In Britain, the name William Morris is more associated with the Victorian textile designer and his wallpaper designs than with his namesake who founded Morris Motors — the first British automotive production line in Cowley, Oxford.
In a deeper irony, the more feted artistic Morris was the author of a utopian fantasy, News from Nowhere, in which he extolled a pre-industrial world without machines.
These ideas remain hugely powerful — think only of JRR Tolkien.
Tolkien hated technology, America and motor cars. Over Christmas, I watched Peter Jackson’s impressive cinematic creation of the Lord of the Rings and his depiction of the industrial machine in which the fallen wizard Saruman manufactured his orc armies.
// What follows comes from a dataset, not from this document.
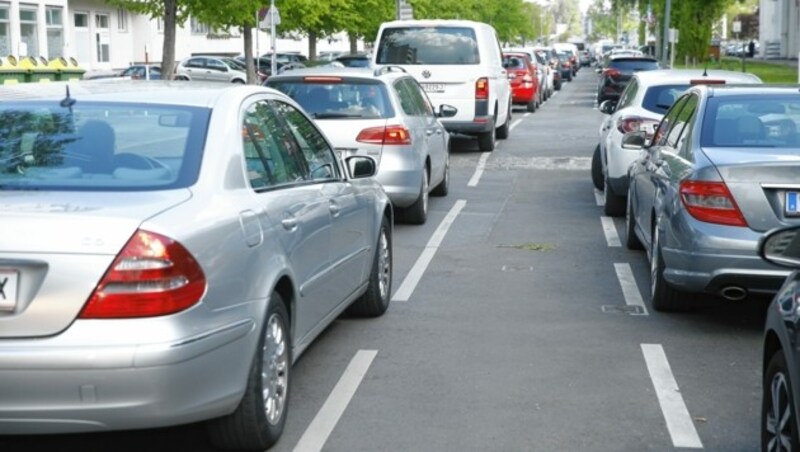 Auftakt mit Stau: Blechkolonnen vor der Baumarkt-Einfahrt (Bild: Reinhard Holl)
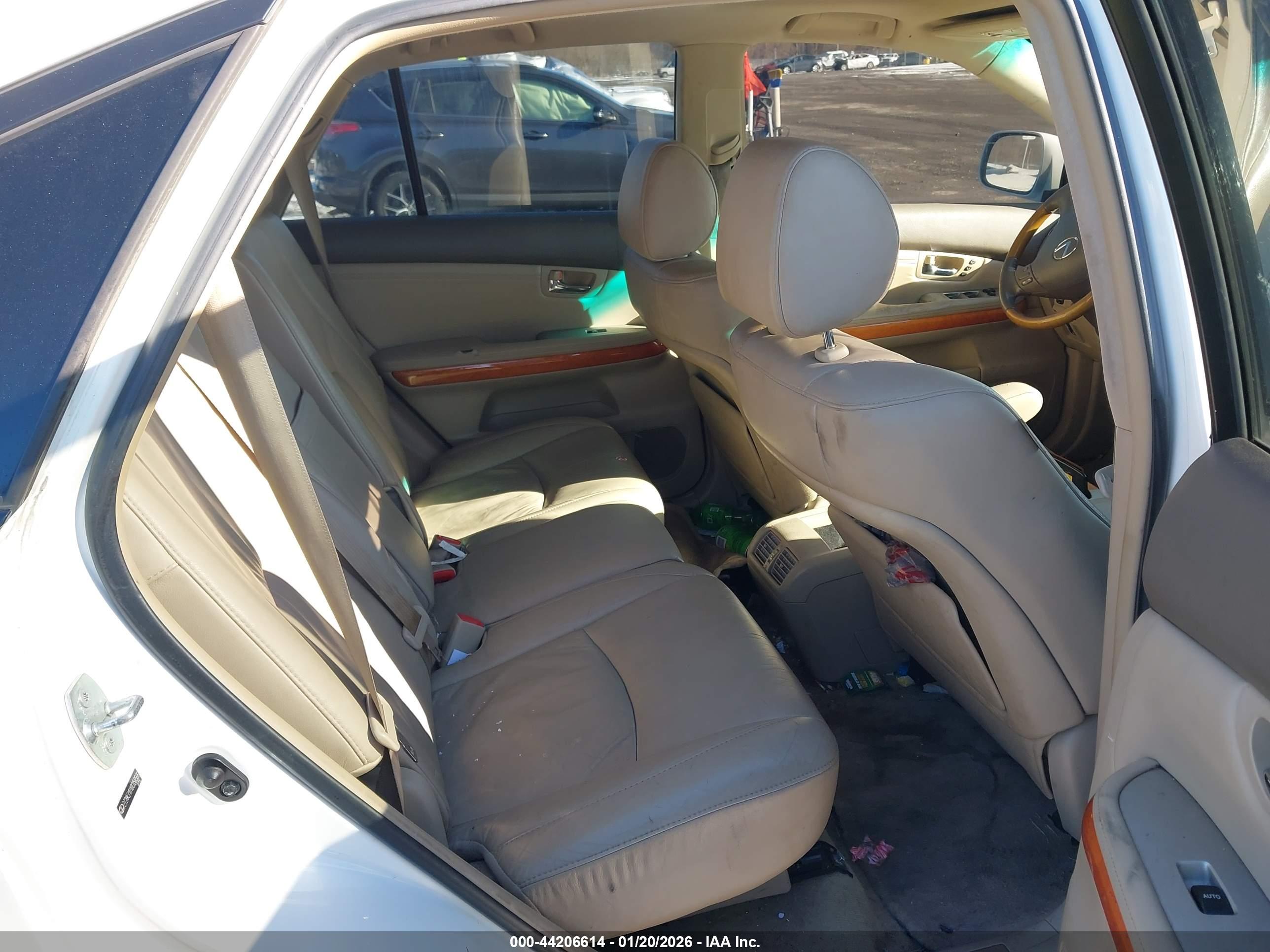 LEXUS RX image 8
The message is clear: industry is evil and will destroy the Earth.
As we move towards the Brexit deadline, nowhere in the debate about national identity and Britain’s relationship with Europe is there any discussion of industry and Britain’s commercial purpose in the world.
The Brexiteer cheerleaders, Boris Johnson and Jacob Rees-Mogg, cannot explain how British manufacturers will thrive in a new world of tariffs and protectionism.
Yet, we are now told by Michael Gove, the Brexiteer Environment Secretary that British livestock farmers need have no fear outside the EU because their produce will be protected from competition.
Therein lies the ghastly truth: come the end of March, Britain will be alone, shunned by foreign investors, its industrial base eroding but its green hills and valleys alive with lambs and cattle, all protected at the expense of consumers.
It will be good for one industrialist, Sir James Dyson, who fancies himself as a gentleman farmer. He has bought 35,000 acres of land on which he last year collected £3 million in EU farm subsidies.
Are we to go full circle? In 1959, the industrial Morris (by then Lord Nuffield) said Britain was “a nation in semi-retirement”.
By the 21st century, the UK seemed to have found a new life in Europe. It would be a shame if it was sent back to rot in a bungalow by the sea.